From the Introduction, David Harvie:

"IFor most Marxists, and Marxist economists in particular, the distinction between productive and unproductive labour is of key importance, essential to a proper understanding of variables such as the rates of surplus value and profit, and hence of capitalism’s development and tendency towards crisis. Indeed, those who deny this distinction are frequently portrayed as of dubious adherence to Marxism’s central tenets and, in particular, to the labour theory of value.

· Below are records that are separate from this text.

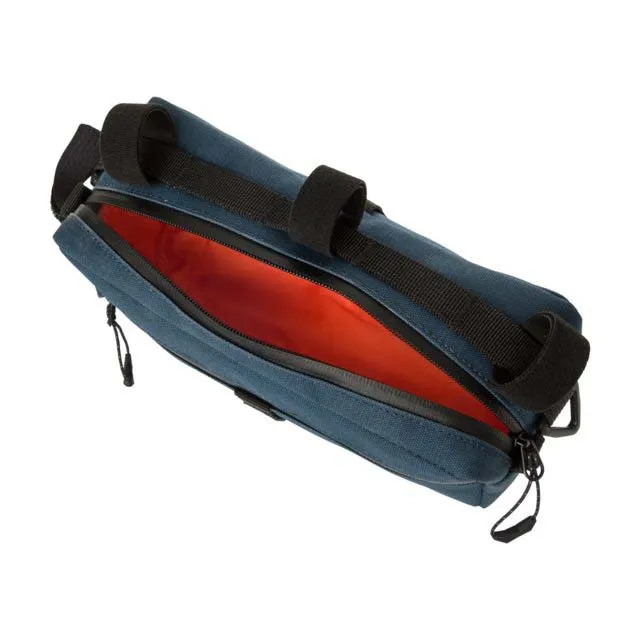 AGU Venture Lenkertasche, Steel blue, One Size AGU Venture Lenkertasche, Steel blue, One Size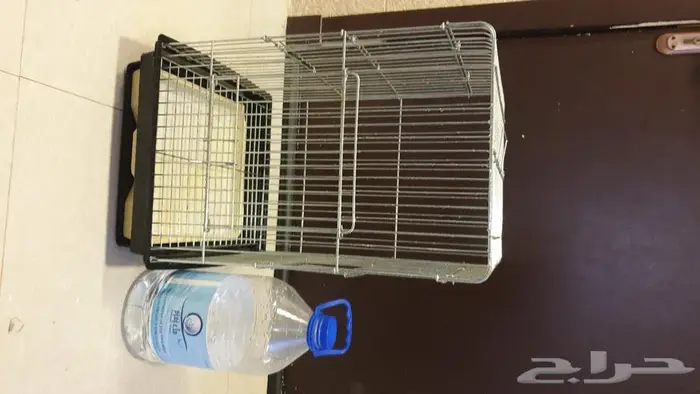 قفص قط قفص كينور وكاسيكو قفص ذهبي كبير معلق 1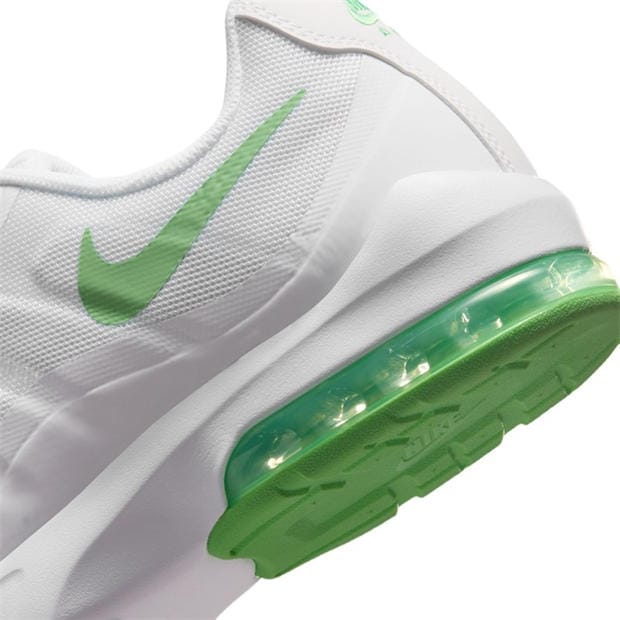 White/Green - Nike - Air Max Invigor Mens Shoes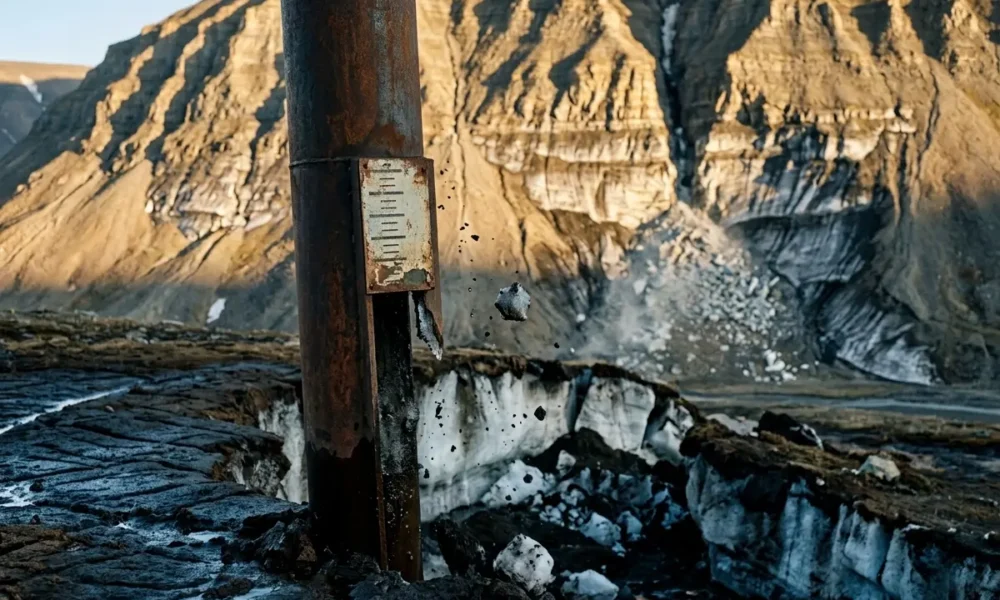 global permafrost active layer thickness increase 2000-2024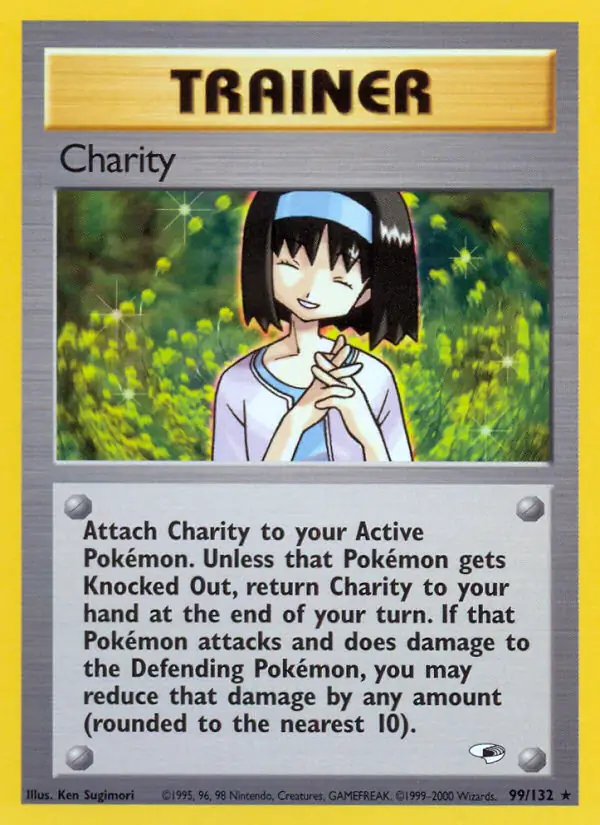 Charity 99 Normal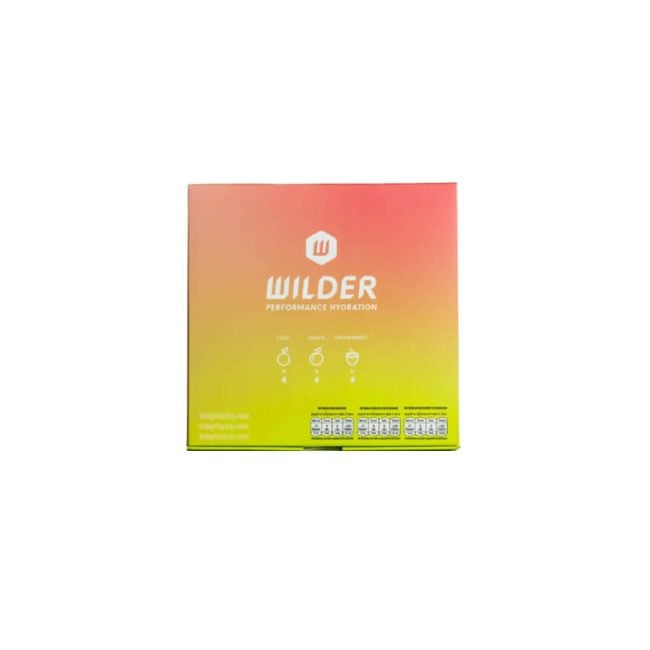 Wilder_Varity Pack _ Electrolytes _ Fast Hydration_Zero Sugar_Organic Village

[I]f the distinction between productive and unproductive labor is rejected, then other fundamental categories of Marx’s theory lose their theoretical coherence. It is not possible both to maintain the labor theory of value and to dispense with its fundamental building blocks. (Mohun 1996: 31) Yet, a number of Marxists working outside of the economics discipline, and many of those outside of Marxist orthodoxy –– in particular those within the tradition of autonomia (‘autonomist’ Marxism) –– have allowed the distinction to fall by the wayside. For them such a distinction is (implicitly) illusory: One can only conclude that the definition of productive labor which we begin to find in these pages of the Grundrisse and which we will find in other works is a heavily reductive definition in the literal form it assumes. We reject it in the literal form which it takes because it is invalidated by an objectivist, atomized, and fetishist consideration of theory of value: it is the consideration which is exactly the one one would want to attribute to Marx in order to make him an old materialist of the 18th century. (Negri 1991: 64; emphasis in original).

But despite continuing development of thought within both these traditions, there has been little mutual engagement. In this paper I propose a rereading of Marx’s distinction between productive and unproductive labour. I suggest that Negri et al. are too hasty in rejecting the distinction."